Top of Records

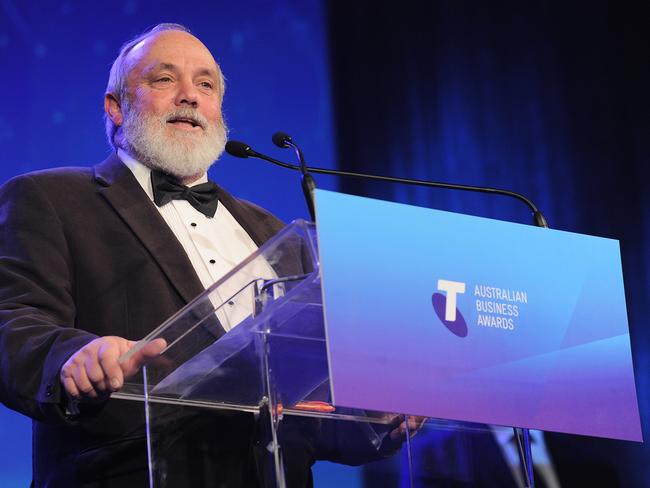 Proud ... Bill Lark, of Lark Distillery, accepts his award for Best Small Business in Australia at the Telstra Business Awards in Melbourne. Picture: Supplied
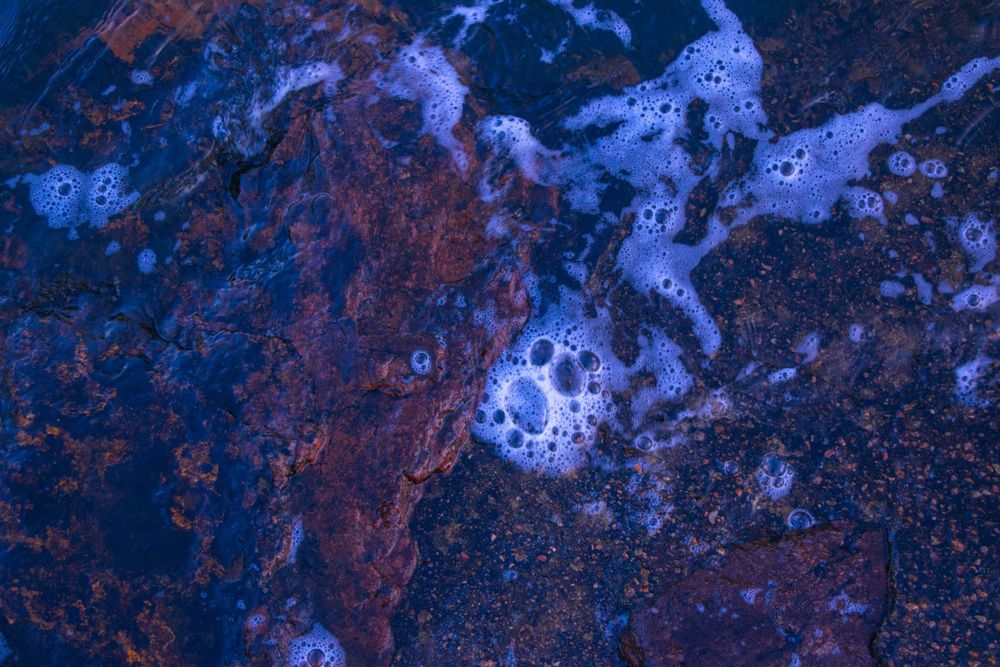 Abstract aerial view showing blue and orange patterns in natural terrain.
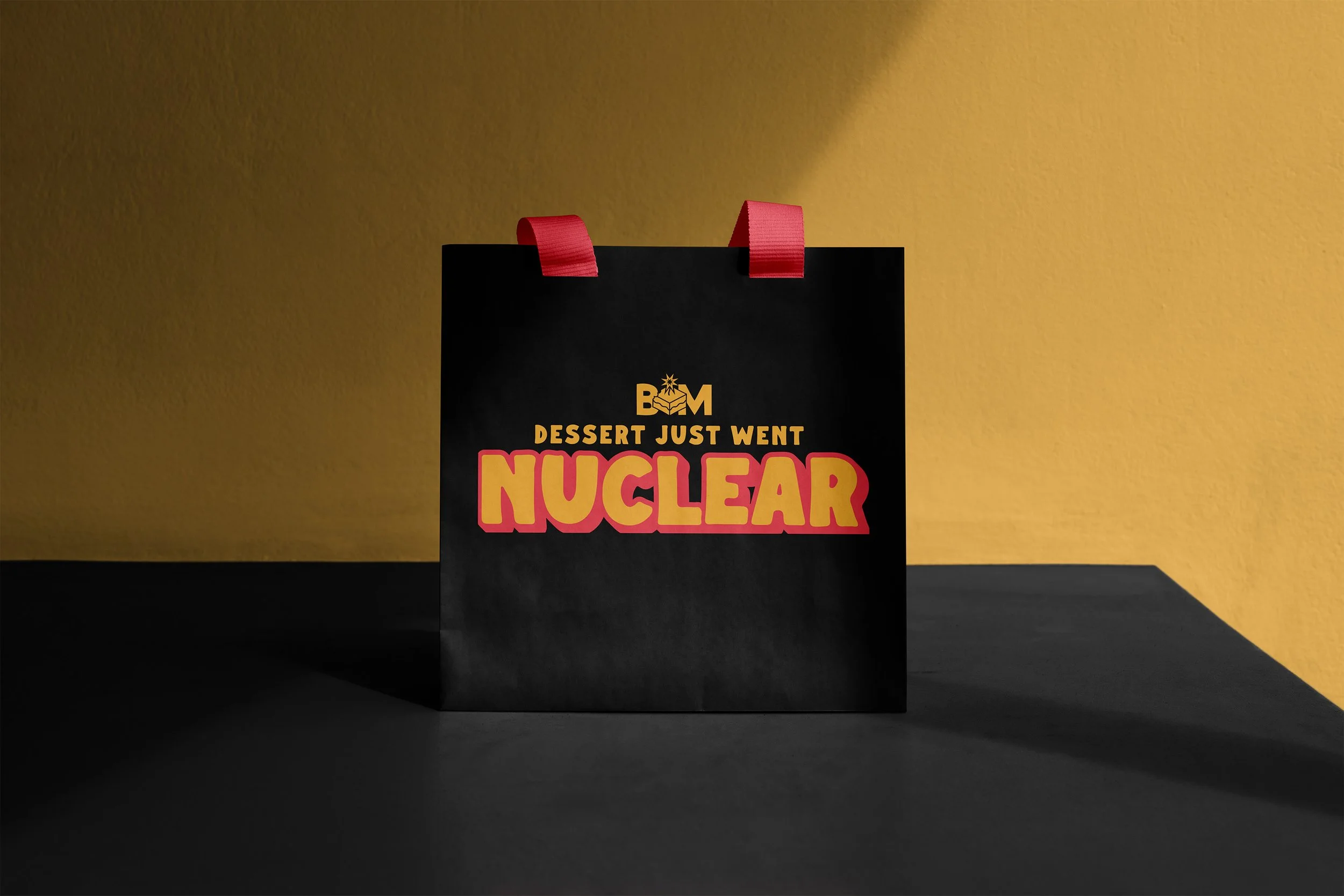 Black shopping bag with red handles, featuring the text 'B*M Dessert Just Went Nuclear' in yellow and pink, against a yellow wall and black surface.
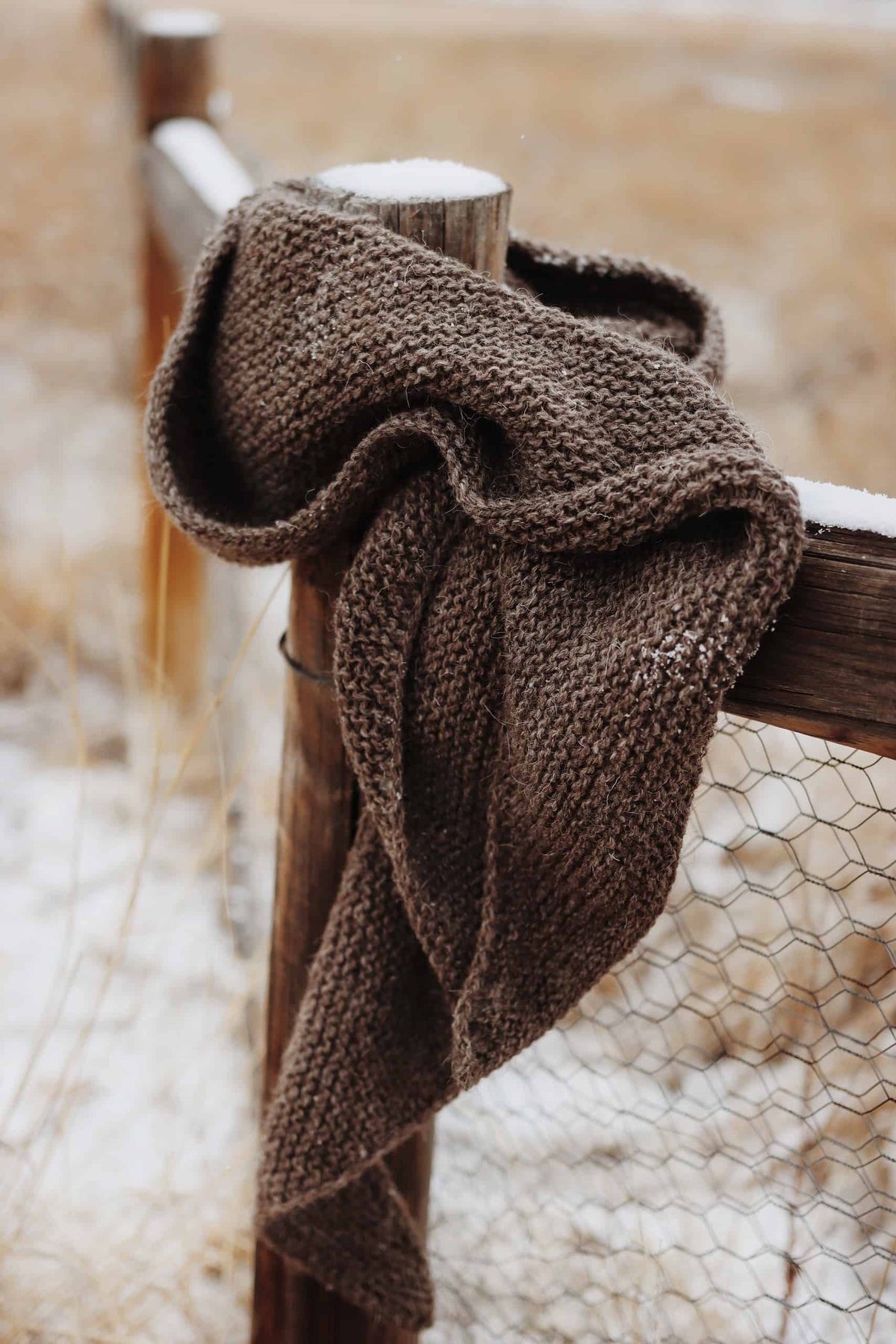 Woman wearing Canyon boomerang scarf showing versatile draping and cozy warmth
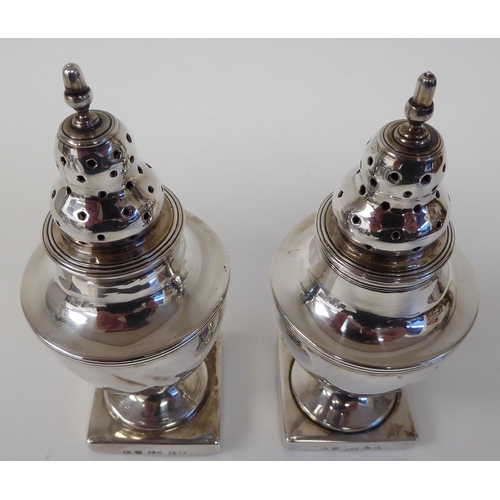 94 - A pair of Georgian silver, loaded pedestal, vase design pepper pots with detachable lids and finials... 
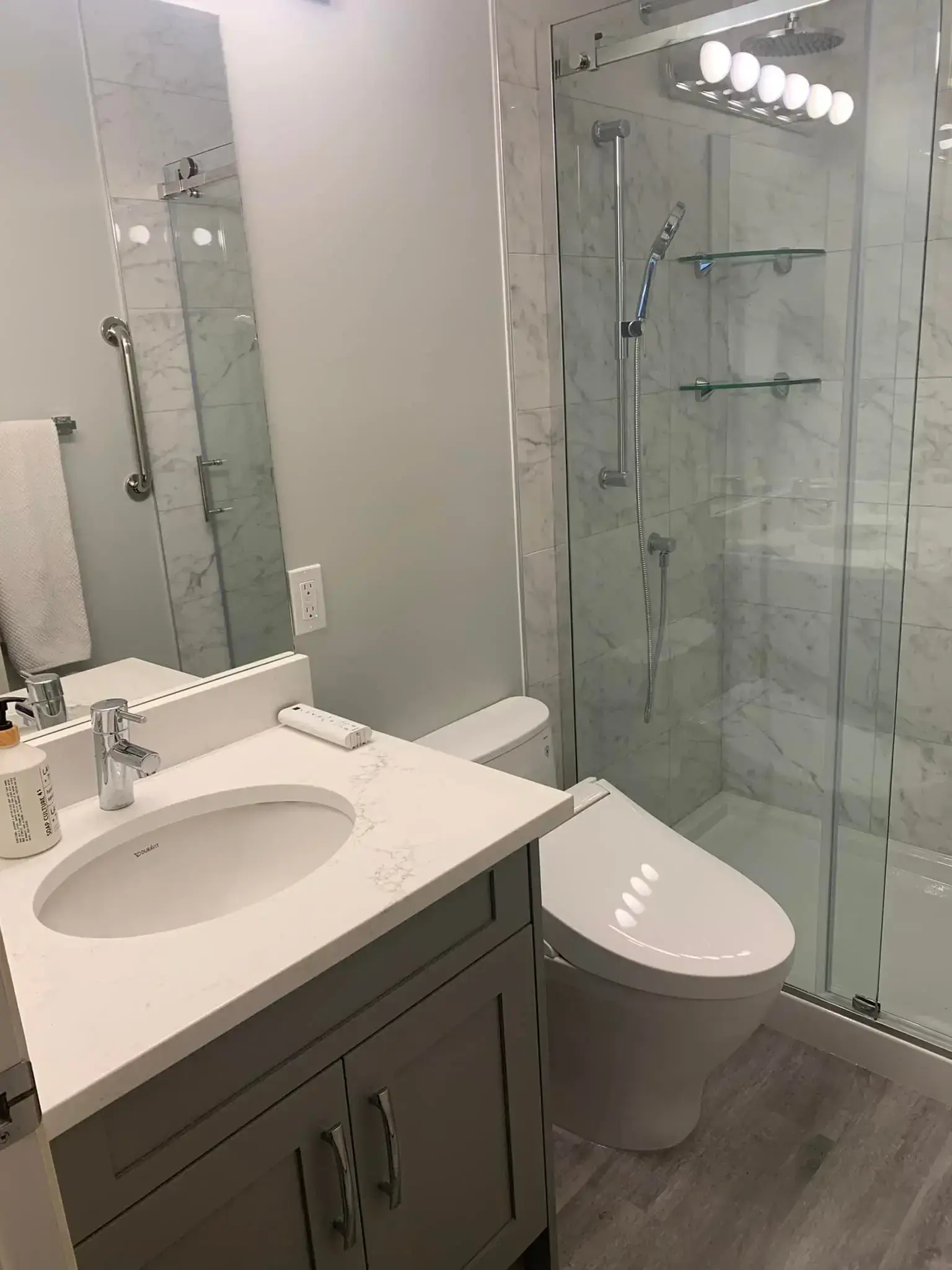 Spa-inspired bathroom with walk-in shower, glass enclosure, and natural stone tile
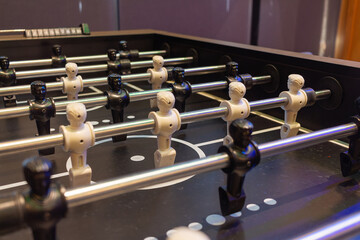 Football Table with White and Black Players on Opposite Sides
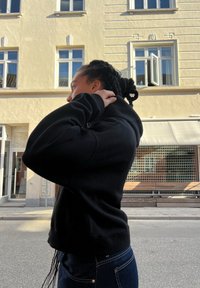 Čierna mikina s kapucňou a textúrovaným povrchom, so prednou kapsou a rebrovanými manžetami, nosená s modrými džínami. Bočný profil.
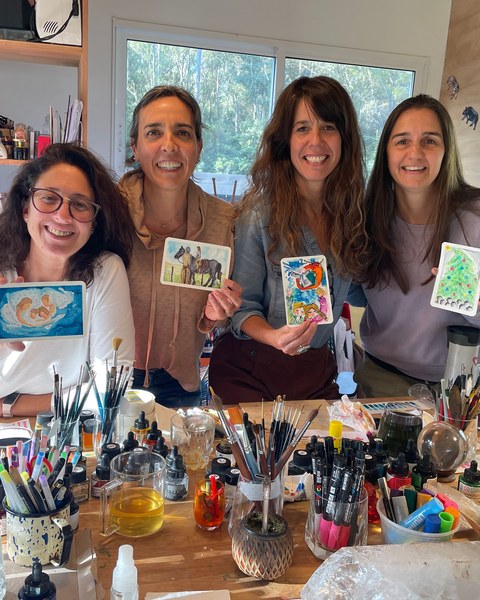 Cuatro amigas muestran sus postales terminadas alrededor de la mesa del taller.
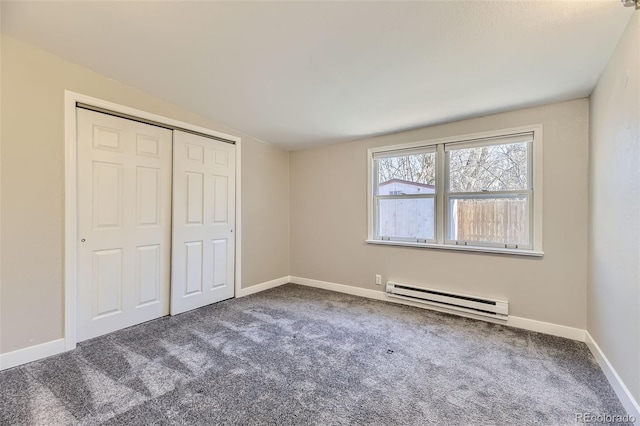 unfurnished bedroom featuring a baseboard heating unit, a closet, carpet floors, and baseboards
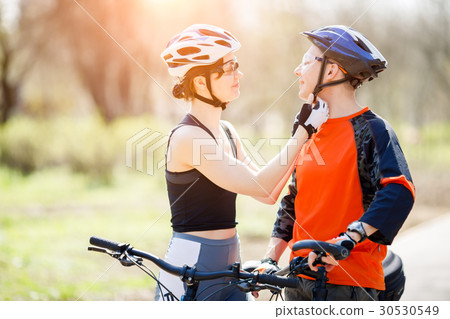 Two friends wear bike helmets Two friends wear bike helmets 30530549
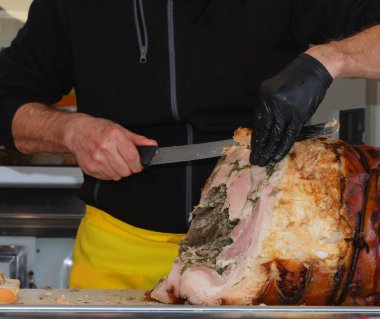 Bir şarküterinin eli şarküteride büyük bir bıçakla kavrulmuş porchetta dilimliyor.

Bottom of Records

- _Assignment_: Everything in the preceding material must be transcribed exactly, except the images.

- _Expected answer_:
 Proud ... Bill Lark, of Lark Distillery, accepts his award for Best Small Business in Australia at the Telstra Business Awards in Melbourne. Picture: Supplied
 Abstract aerial view showing blue and orange patterns in natural terrain.
 Black shopping bag with red handles, featuring the text 'B*M Dessert Just Went Nuclear' in yellow and pink, against a yellow wall and black surface.
 Woman wearing Canyon boomerang scarf showing versatile draping and cozy warmth
 94 - A pair of Georgian silver, loaded pedestal, vase design pepper pots with detachable lids and finials... 
 Spa-inspired bathroom with walk-in shower, glass enclosure, and natural stone tile
 Football Table with White and Black Players on Opposite Sides
 Čierna mikina s kapucňou a textúrovaným povrchom, so prednou kapsou a rebrovanými manžetami, nosená s modrými džínami. Bočný profil.
 Cuatro amigas muestran sus postales terminadas alrededor de la mesa del taller.
 unfurnished bedroom featuring a baseboard heating unit, a closet, carpet floors, and baseboards
 Two friends wear bike helmets Two friends wear bike helmets 30530549
 Bir şarküterinin eli şarküteride büyük bir bıçakla kavrulmuş porchetta dilimliyor.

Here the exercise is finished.